My father’s shop was the heaviest room, yet he packed in minutes. Dad had his assistants
tip a bunch of industrial-sized shipping crates on their sides. Then he used the shop’s forklift to bulldoze his tool cases and pricey raw materials into the crates. The assistants nailed the crates’ lids shut before the equipment could spill out, and they were outta there. Raj said that even four floors away, the screeching and clattering from the machine shop was so loud they had to shout to make themselves heard.
“I thought your father was trying to carry away the entire basement.”
In one hour the entire agency was on its way to the harbor—personnel, hardware, files, everything.
“Christ,” Patrick comms. “It sounds like you Grinched the place.”
“Absolutely,” Raj comms.
I ask, “How long is that exercise supposed to take?”
“A month,” Raj answers.
This incredibly rapid departure meant Tech, Info, and Admin had to reboot the servers, reorganize the files, and rearrange everyone by what they do instead of how fast they run, all in a completely inadequate setting none of them had ever seen before.

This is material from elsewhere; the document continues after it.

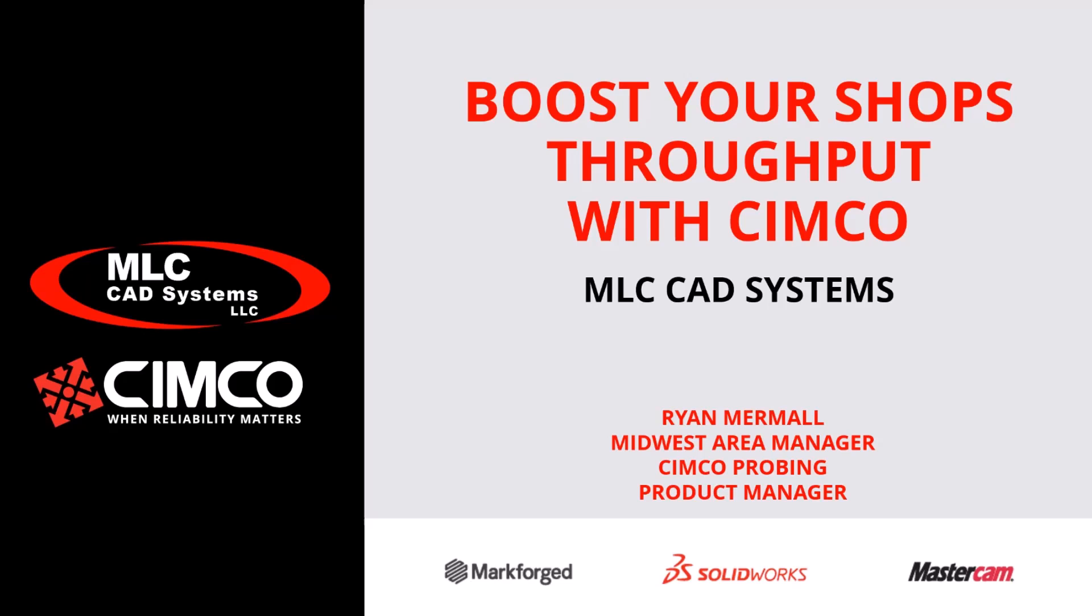Ryan Ramel from Simco Americas. I'm based out of Chicagoland, so I help the dealers, but also manage the simulation and probing products here in the States.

Once at sea, Bobby officially designated my father as Acting Front Desk of the German Section. During the voyage there wasn’t much for a Front Desk to do, so Dad fulfilled his Technical Department responsibilities by sketching ideas for a few new toys. One of the ship’s engineers gave my father permission to use the vessel’s machine room.

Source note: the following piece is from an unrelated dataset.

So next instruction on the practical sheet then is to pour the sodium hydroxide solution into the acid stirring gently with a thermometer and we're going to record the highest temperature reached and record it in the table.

Big mistake. My father co-opted every piece of heavy equipment along with every sailor who knew how to use it. It wasn’t long before the machinists began to feel like elves in Santa’s workshop. They made supersized MultiCaliber for heavy weapons, rocket-powered sniper’s ammunition, and Frisbee-shaped grenades that could be thrown ten times farther than a normal pocket-bomb. The captain would have been pissed, except my father’s inventions were the most awesome gadgets he’d ever seen.

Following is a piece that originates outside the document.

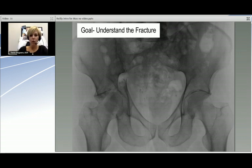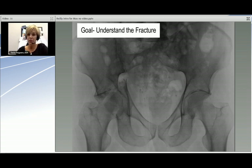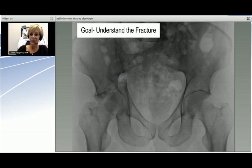The ultimate goal is to understand a fracture well enough, based on the plain films and the CT scan, to be able to take it to the operating room with a comprehensive preoperative plan. That's dependent on understanding the fracture far better than just being able to say this is a transverse posterior wall fracture. Dr. Mark Riley is going to take us through this particular fracture.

Not everyone had this much fun. The trip was rough on Cyrus. Honestly, I couldn’t believe someone so badly injured would have been part of ExOps’s disappearing act. Recovering double amputees aren’t supposed to leave the hospital, much less the fucking continent. The Meddies couldn’t keep his environment sanitary and sure enough, and Cyrus got a goddamn infection. My boss suffered from fevers and respiratory problems all the way to the Baltic Sea. The ship was still being secured harborside in Szczecin when the Med-Techs rushed Cyrus off board and straight into the nearest medical facility. Dr. Herodotus augmented the hospital staff with two of his Med-Techs because of Cyrus’s cybernetic upgrades. Three days later they commed Dr. H that their patient had stabilized enough to move out of intensive care.